I'll release the v3 patchset soon, I'd say it simply won't be possible
without the help of the visualized trace data.

Making the algorithms right is my first priority, after that I'll
continue to document their behaviors.

> This makes it extremely hard to review any changes to it.  This is a
> problem.  And I don't think I can (or will) review this patch for these
> reasons.  My dummy is thoroughly spat out.

Yeah it's rather tricky. I rely heavily on tests. The v3 improvements
will be mostly test driven. The extensive tests and the data analyzing
absorbed all of my time these weeks.

> 
> And what's up with that 8192?  I assume it refers to pages?  32MB?  So
> if we're working on eight devices concurrently on a 256MB machine, what
> happens?

It's 8MB memory. For a 256MB machine, the global dirty limit will be
roughly 256MB * 20% / 2 = 25MB. The "divide by 2" assumes for such a
small memory system, there will be only half memory available for the
file page cache. So the 

        bdi_dirty -= min(bdi_dirty / 128, 8MB)

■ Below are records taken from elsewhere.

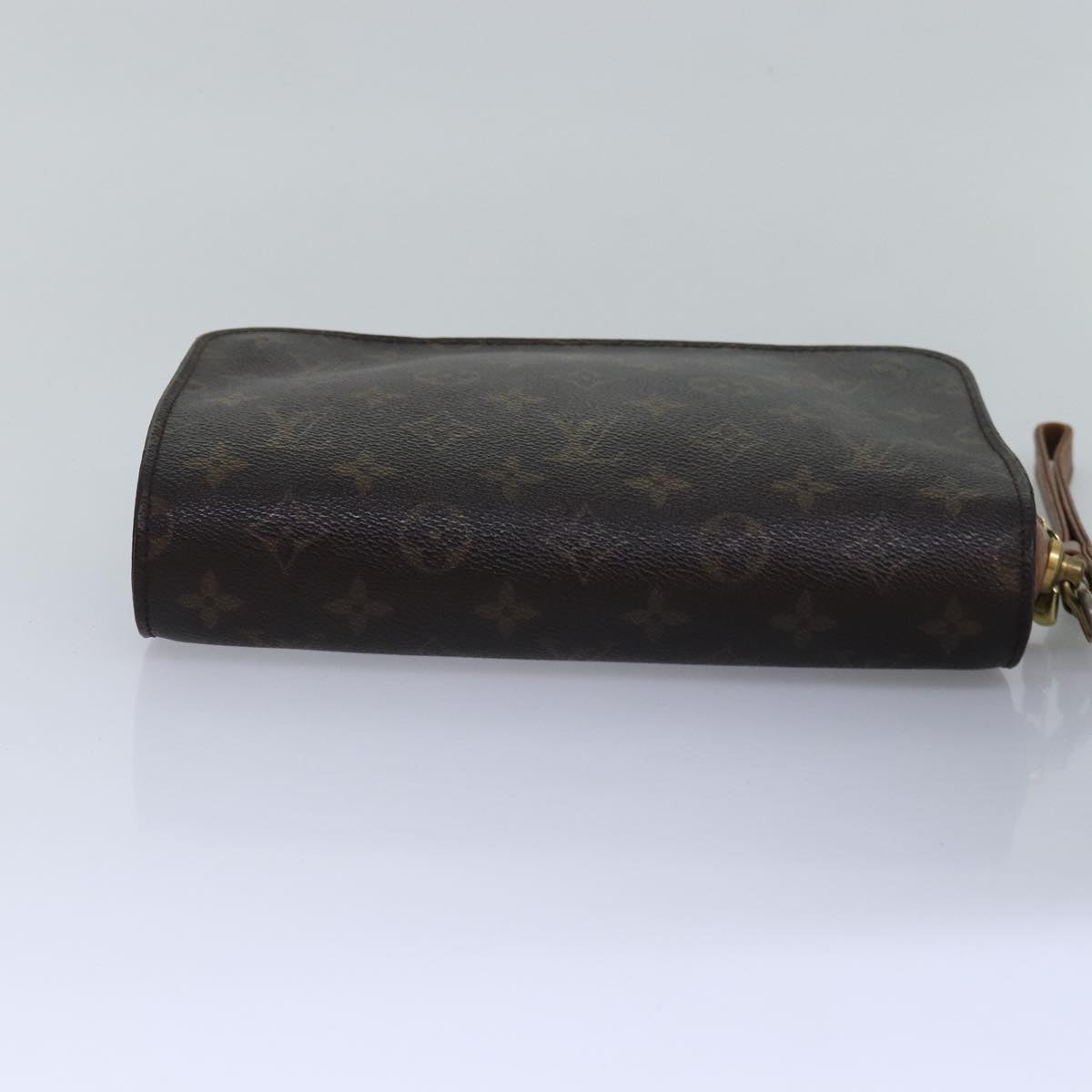 LOUIS VUITTON Monogram Orsay Clutch Bag M51790 LV Auth 77525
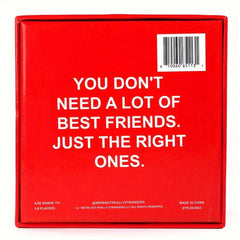 1pc WE'RE NOT REALLY STRANGERS Fun Family Party Games For Adults Game Night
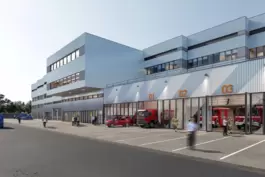 So soll das Gefahrenabwehrzentrum auf der Werksseite aussehen. 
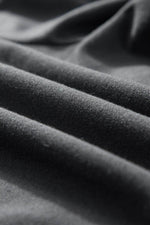 Load image into Gallery viewer, Gray Button Long Sleeve Wide Leg Jumpsuit - Fashion Queen - 5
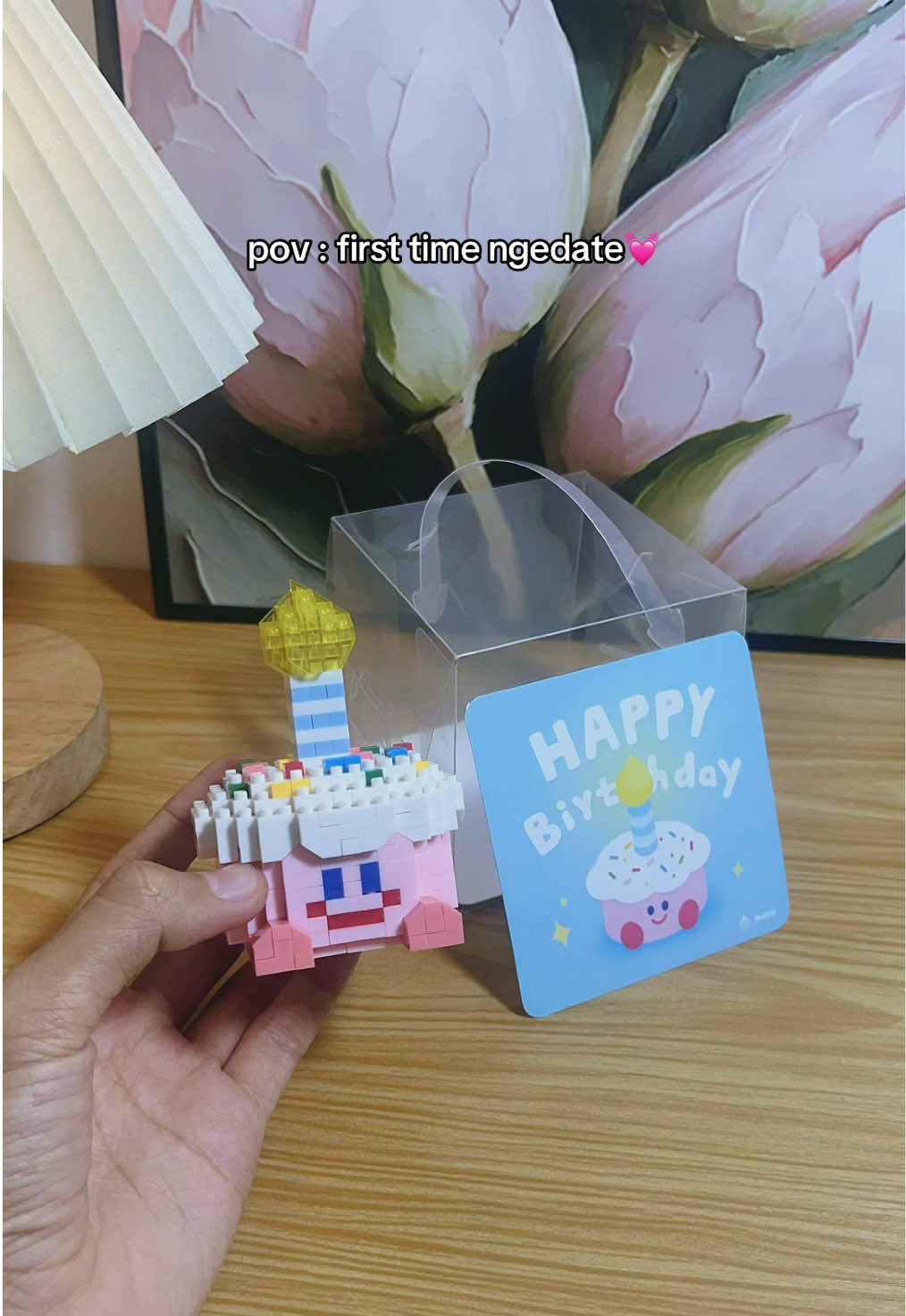 seru bgt ya💗#diybricks #nanoblocks #blockcake #kadoulangtahun #diylego #giftideas #kadopacar #kadounik #firstdate #datingstorytime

will be "bdi_dirty -= 25MB/8/128 = 190KB/8". The "/8" is because when
there are 8 active bdi's, each bdi will share only 1/8 global limit.
So the 8 bdi's will reserve (190KB/8)*8 = 190KB in total. You see this
number won't grow large when there comes more bdi's.

But sure, for a really large machine (over 128*8MB/20%=5GB),

        bdi_dirty -= min(bdi_dirty / 128, 8MB)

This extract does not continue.